Data to process:
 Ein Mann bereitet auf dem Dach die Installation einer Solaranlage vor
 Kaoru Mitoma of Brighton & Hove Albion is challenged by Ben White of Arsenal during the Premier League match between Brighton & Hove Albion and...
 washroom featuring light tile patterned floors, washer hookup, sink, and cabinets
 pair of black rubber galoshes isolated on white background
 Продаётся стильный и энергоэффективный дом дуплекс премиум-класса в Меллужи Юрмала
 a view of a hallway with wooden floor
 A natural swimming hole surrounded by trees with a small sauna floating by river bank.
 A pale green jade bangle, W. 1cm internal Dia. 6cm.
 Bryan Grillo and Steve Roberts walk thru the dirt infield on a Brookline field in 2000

Problem description: Would you print each line of the listing again, unaltered?

Reply:
 Ein Mann bereitet auf dem Dach die Installation einer Solaranlage vor
 Kaoru Mitoma of Brighton & Hove Albion is challenged by Ben White of Arsenal during the Premier League match between Brighton & Hove Albion and...
 washroom featuring light tile patterned floors, washer hookup, sink, and cabinets
 pair of black rubber galoshes isolated on white background
 Продаётся стильный и энергоэффективный дом дуплекс премиум-класса в Меллужи Юрмала
 a view of a hallway with wooden floor
 A natural swimming hole surrounded by trees with a small sauna floating by river bank.
 A pale green jade bangle, W. 1cm internal Dia. 6cm.
 Bryan Grillo and Steve Roberts walk thru the dirt infield on a Brookline field in 2000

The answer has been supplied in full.